Elon Musk has said he will allow President Trump to return to Twitter if the Tesla CEO becomes the owner of the company, reversing the January 2021 removal of the former president over his inflammatory tweets related to the January incident. 6 attack on the US Capitol.

During a virtual appearance at the Financial Times Future of the Car conference on Tuesday, Musk said “a temporary suspension is appropriate, but not a permanent ban.” He added that the decision to remove Trump from office was “morally wrong” and led conservatives to move into more enclosed spaces.

“Trump’s Twitter ban didn’t end Trump’s voice; it will strengthen him among the right,” he said.

Twitter declined to comment on Musk’s statement, including whether the company’s current management plans to ratify Musk’s decision or counteract it preemptively.

Musk’s comments come after Twitter users raised concerns that Musk, who is looking to buy the company for $44 billion, would view some content moderation efforts to keep malicious content out of the platform as censorship. Allowing Trump to return to the platform would be in line with Musk’s ongoing criticism of how the app approaches free speech.

Two days after the Capitol attack, Twitter announced that permanently suspend Trump “Because of the risk of further incitement to violence.” Since the ban, Trump has used newscasts and speeches at rallies to communicate with his supporters, often repeating the false and unsubstantiated claim of widespread fraud in the 2020 election.
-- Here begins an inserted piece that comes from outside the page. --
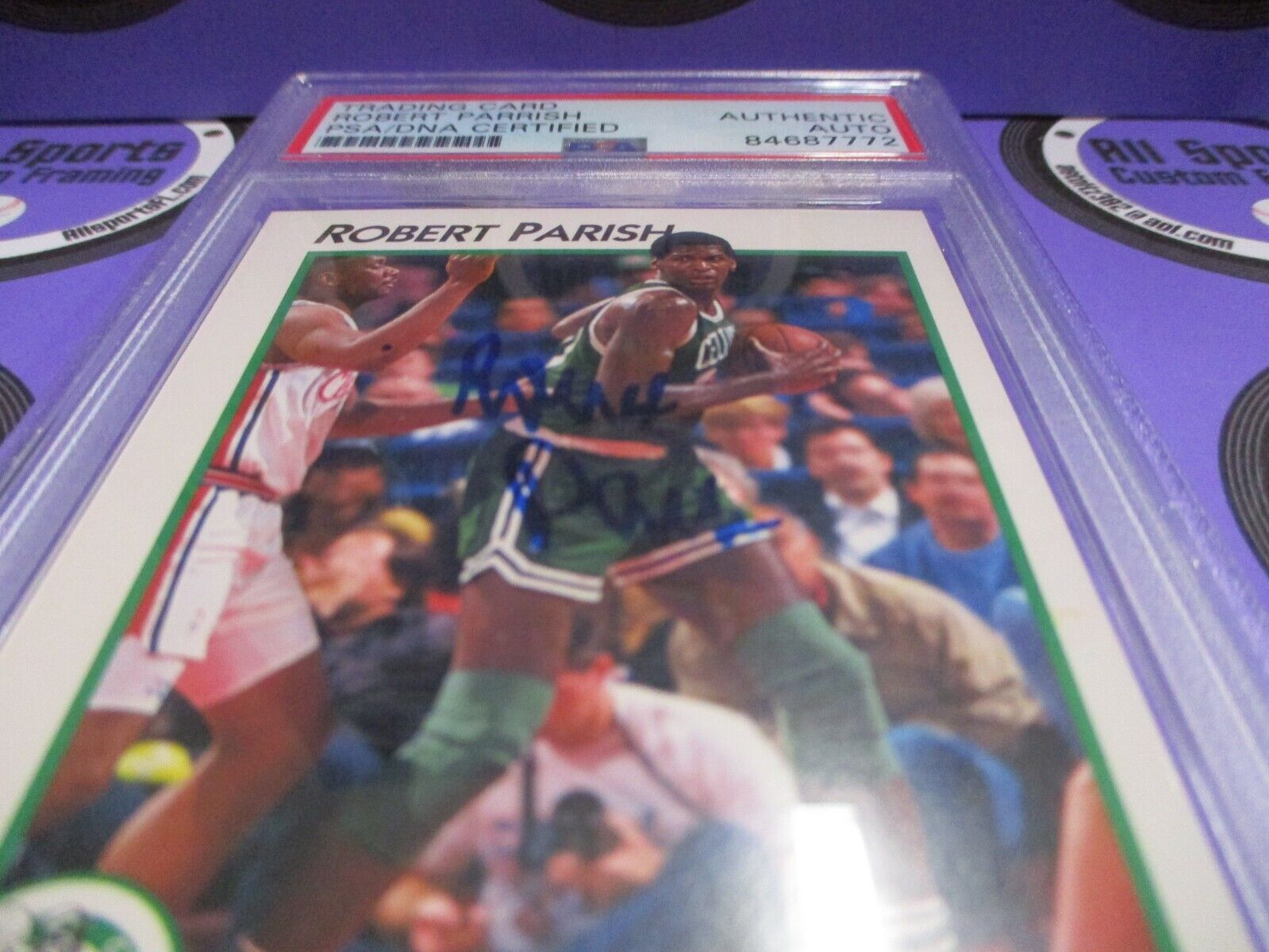 Robert Parrish Celtics Autographed Signed 1992 NBA Hoops Card #4 PSA Slab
Trump Fox News told At the end of last month, he would not have joined Twitter if given the opportunity, but would have continued to promote Truth Social, the so-called free-speech-focused Twitter rival that Trump launched after being banned from various social networks. The app was struggling with technical issues, atrophying user base and high level resignations – Trump uses this site much less frequently than his use of Twitter.

Other apps that once seemed primed detaching from Twitter a significant conservative user base, such as Parler and Gab, also failed to become mainstream.

But the consequences are not limited to Twitter. The platform has historically served as something of a social network. vane, indicating the direction in which the industry is moving. His content moderation decisions often preceded similar calls from Facebook.

While Twitter permanently banned Trump within two days of Jan. 6 rebellion, Facebook moved to suspend trump bill indefinitely, boating specifics of this schedule to the company’s third party supervisory board, which in turn sent the decision back in Facebook. Forced to make the call itself, Facebook extended the former president’s ban until January. 7, 2023.

If Musk lifts the Twitter ban, it could provide cover or pressure Facebook to do the same. Representatives of Facebook, whose parent company recently renamed Meta Platforms – did not say if and how lifting Trump’s ban on Twitter would affect the former president’s parallel ban on his platform, but pointed The Times to mid-2021 statements from Supervisory Board as well as facebook this established Trump’s two-year ban.

If Trump returns to Twitter, it’s unclear whether returning to the platform will help him or the GOP.

For four years, Trump’s Twitter feed offered real-time narrative of his presidency, with messages that defined the daily news cycle. But despite its wide reach — the account had about 88 million followers when it was banned — it hasn’t necessarily been a hit with voters.

2017 Wall Street Journal/NBC news poll found that two-thirds of Americans disapprove of Trump’s presence on Twitter. And in February 2020, a survey conducted by Economist / YouGov found that a majority of voters called Trump’s Twitter inappropriate, and 65% said he tweeted too often.

“I think there are a lot of people around him who would encourage him not to go on Twitter,” said Rob Stutzman, a California Republican strategist who is critical of Trump.

Trump’s Twitter presence could also hurt midterm GOP campaigns. Republicans hope their reporting on inflation, gas prices, crime and immigration will help them turn over one or both houses of Congress, where the Democrats have a slim majority.

While Trump’s support has helped candidates in the crowded Republican primary, most recently Ohio Senate primary winner JD Vance, his tweets have historically dominated the news cycle at the party’s expense.

“I don’t think Kevin McCarthy and Mitch McConnell are anything but thrilled that this election will be a referendum on Donald Trump,” said Kurt Bardella, a former GOP communications expert who now advises the Democratic National Committee and the Committee on campaigns of the Democratic Party in Congress, referring to the leaders of the Republican minority in the House of Representatives and the Senate.

Bardella said after Republican Glenn Youngkin won the race for governor of Virginia in 2021, “there was a lot of talk on both sides of the spectrum about how Youngkin was able to run the ‘keep Trump at a distance’ campaign.” This plan will be much harder for other Republicans to follow as Trump reclaims his social media bullhorn.

“He ends up doing everything for himself,” Bardella said. “If he can get back on Twitter, every GOP candidate will have to be held accountable for how their party leader reacts to what is happening. They can’t avoid it.”

But Trump’s allies, many of whom have criticized what they see as anti-conservative bias in the way the platform moderates content, have welcomed the news that Musk will allow Trump to return.